Listening to all the soundbites, it would be easy to conclude that Gov. Jeb Bush and his Democratic critics are on different planets. The governor has spent much time lately boasting of how his new budget builds on the significant investments his administration has made in programs for the needy, while House Democratic Leader Lois Frankel and others have condemned Bush's plan as woefully deficient in meeting even the most basic needs of vulnerable citizens. Which side is right?

They both are.

Florida has indeed made much progress in health and human services, for which Bush deserves much of the credit. Assuming the governor's new budget is adopted, the number of Florida children receiving health care coverage will have nearly doubled by next year; child-welfare funding will have gained its largest increase in state history; and four times as many individuals with developmental disabilities will have received needed services. But that record should not blind us to the needs that remain. Those needs will only grow -- across a number of social-welfare areas -- should Bush's plan, as is, become law.

Health coverage

Advocates are quick to applaud Bush for proposing to expand several health care initiatives, including the "Closing the Gap" project that seeks to address racial disparities in health outcomes such as infant mortality. But the Bush plan weakens more than it strengthens the safety net for poor and sick Floridians.

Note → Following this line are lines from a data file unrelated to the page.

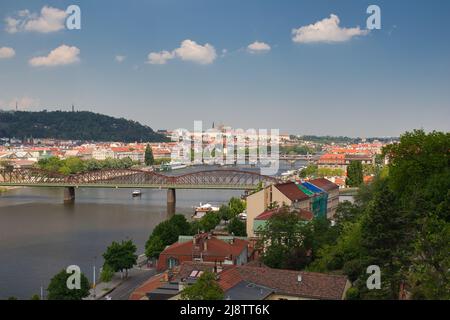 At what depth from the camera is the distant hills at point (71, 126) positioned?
7338cm

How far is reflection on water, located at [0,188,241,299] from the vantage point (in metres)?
10.8

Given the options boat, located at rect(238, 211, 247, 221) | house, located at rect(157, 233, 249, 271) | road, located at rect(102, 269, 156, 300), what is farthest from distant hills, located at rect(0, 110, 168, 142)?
house, located at rect(157, 233, 249, 271)

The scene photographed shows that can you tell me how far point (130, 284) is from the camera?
9.81 metres

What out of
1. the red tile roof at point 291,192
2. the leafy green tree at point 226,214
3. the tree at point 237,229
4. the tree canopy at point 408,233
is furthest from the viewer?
the leafy green tree at point 226,214

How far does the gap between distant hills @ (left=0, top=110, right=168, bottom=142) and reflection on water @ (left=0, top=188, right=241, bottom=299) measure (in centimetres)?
4755

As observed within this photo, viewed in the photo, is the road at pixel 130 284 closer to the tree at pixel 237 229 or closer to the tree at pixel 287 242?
the tree at pixel 287 242

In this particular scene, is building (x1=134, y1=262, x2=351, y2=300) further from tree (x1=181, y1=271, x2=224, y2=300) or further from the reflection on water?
the reflection on water

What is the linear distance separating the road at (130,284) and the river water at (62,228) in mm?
851

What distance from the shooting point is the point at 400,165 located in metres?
9.53

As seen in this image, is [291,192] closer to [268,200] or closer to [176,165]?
[268,200]

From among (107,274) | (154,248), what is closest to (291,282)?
(107,274)

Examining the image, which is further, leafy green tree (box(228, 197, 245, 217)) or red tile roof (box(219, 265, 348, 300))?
leafy green tree (box(228, 197, 245, 217))

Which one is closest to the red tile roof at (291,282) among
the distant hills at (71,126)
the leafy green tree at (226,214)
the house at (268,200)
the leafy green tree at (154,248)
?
the leafy green tree at (154,248) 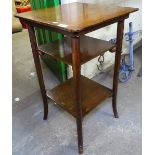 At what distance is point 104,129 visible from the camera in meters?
1.61

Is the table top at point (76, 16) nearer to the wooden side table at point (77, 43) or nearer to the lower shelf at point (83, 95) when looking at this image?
the wooden side table at point (77, 43)

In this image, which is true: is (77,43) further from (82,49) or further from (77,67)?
(82,49)

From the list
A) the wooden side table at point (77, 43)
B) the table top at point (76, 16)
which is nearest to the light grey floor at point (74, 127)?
the wooden side table at point (77, 43)

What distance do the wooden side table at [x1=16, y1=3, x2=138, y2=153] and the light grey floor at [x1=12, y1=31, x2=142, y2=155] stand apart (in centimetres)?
18

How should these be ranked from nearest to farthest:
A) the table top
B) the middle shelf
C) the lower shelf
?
1. the table top
2. the middle shelf
3. the lower shelf

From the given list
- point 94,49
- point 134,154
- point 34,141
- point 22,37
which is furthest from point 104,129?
point 22,37

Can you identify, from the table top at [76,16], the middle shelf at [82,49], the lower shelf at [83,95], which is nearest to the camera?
the table top at [76,16]

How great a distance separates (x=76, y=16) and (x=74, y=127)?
35.8 inches

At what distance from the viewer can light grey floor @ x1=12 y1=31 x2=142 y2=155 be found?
1.46 m

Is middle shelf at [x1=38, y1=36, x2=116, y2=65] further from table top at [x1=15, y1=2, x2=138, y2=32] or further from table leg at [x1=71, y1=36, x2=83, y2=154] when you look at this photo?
table top at [x1=15, y1=2, x2=138, y2=32]

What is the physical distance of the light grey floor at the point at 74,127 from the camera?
1.46m

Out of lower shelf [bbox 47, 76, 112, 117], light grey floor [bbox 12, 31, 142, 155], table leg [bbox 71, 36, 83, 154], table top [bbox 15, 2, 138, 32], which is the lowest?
light grey floor [bbox 12, 31, 142, 155]

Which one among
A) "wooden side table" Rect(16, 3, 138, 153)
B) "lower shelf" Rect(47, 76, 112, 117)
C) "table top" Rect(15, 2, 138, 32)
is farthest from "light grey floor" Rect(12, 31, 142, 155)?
"table top" Rect(15, 2, 138, 32) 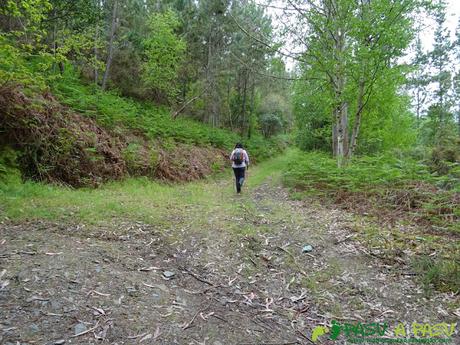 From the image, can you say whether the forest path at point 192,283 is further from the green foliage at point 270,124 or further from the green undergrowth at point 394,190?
the green foliage at point 270,124

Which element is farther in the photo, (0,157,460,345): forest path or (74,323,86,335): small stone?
(0,157,460,345): forest path

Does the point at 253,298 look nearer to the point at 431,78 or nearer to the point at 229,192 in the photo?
the point at 229,192

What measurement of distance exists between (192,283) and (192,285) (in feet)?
0.16

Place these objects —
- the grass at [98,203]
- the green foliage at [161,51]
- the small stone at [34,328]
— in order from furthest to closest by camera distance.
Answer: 1. the green foliage at [161,51]
2. the grass at [98,203]
3. the small stone at [34,328]

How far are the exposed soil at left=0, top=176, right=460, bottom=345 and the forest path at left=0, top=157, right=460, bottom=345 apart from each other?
0.04 ft

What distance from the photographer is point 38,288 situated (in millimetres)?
2891

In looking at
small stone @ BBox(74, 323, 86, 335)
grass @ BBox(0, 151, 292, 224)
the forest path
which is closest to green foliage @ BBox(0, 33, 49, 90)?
grass @ BBox(0, 151, 292, 224)

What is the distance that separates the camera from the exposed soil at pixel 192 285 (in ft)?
8.54

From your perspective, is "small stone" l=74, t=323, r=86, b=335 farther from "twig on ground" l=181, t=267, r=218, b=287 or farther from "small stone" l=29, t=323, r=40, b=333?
"twig on ground" l=181, t=267, r=218, b=287

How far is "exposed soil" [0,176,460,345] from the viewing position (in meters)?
2.60

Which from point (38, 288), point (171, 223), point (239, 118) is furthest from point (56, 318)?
point (239, 118)

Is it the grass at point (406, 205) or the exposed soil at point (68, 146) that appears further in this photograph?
the exposed soil at point (68, 146)

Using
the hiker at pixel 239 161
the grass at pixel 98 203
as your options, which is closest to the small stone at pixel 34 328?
the grass at pixel 98 203

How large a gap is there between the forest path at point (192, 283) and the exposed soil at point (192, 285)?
1cm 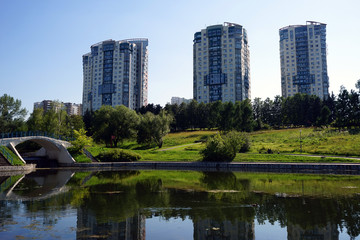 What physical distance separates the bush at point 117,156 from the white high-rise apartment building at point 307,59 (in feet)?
479

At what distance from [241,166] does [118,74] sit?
139 metres

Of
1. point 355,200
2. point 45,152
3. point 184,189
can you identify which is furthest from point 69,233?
point 45,152

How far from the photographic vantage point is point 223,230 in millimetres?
13664

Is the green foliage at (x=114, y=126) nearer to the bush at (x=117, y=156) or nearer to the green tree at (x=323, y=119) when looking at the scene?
the bush at (x=117, y=156)

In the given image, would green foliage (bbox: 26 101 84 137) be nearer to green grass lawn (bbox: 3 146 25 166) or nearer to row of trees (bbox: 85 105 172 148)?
row of trees (bbox: 85 105 172 148)

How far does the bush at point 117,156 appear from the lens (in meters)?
55.4

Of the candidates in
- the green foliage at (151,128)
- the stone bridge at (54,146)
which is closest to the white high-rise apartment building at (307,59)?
the green foliage at (151,128)

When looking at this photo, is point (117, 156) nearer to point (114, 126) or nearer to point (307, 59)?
point (114, 126)

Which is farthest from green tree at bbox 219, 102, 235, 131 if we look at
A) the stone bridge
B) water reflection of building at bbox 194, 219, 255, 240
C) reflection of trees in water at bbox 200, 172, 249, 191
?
water reflection of building at bbox 194, 219, 255, 240

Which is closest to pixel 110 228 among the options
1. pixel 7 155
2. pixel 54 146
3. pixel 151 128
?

While his budget would extend for another year the Medically Needy program that helps keep low-income families with large medical bills from falling into poverty, Bush would drastically reduce the availability and benefits of that program -- as well as eliminate almost entirely the program poor seniors rely upon for hearing aids, eyeglasses and dentures.

Child protection

For child protection, Bush would give Florida's child-welfare agency an extra $12-million with one hand, while abolishing almost 250 positions with the other. Even with the new dollars, the Department of Children and Families would receive less money than it got last spring, despite the increase in reported cases of abuse. Healthy Families Florida -- the state's major child-abuse prevention program that Bush helped launch -- would get no new money, even though it is able to meet less than one-third of the need and faces the real prospect of having to cut off 2,000 families now being served by early, and since exhausted, lapse funds.

Elder affairs

Bush's budget would put little more than 1-million extra dollars into the services that can keep Florida's elders out of nursing homes. Several recent studies have castigated Florida for not doing more to expand and fund these less expensive, and preferable, home and community-based options.

Juvenile justice

When it comes to juvenile-delinquency prevention, Bush's proposals generally add to the damage done to programs during the recent emergency special session. CINS/FINS -- the program that houses and counsels chronic truants and runaways -- would suffer another $1.3-million cut, on top of the $4-million reduction assessed in December.

Bush conceded last week that his plan could be described as a "continuation budget." On that, both sides can agree. The plan continues Florida's failures as well as its successes.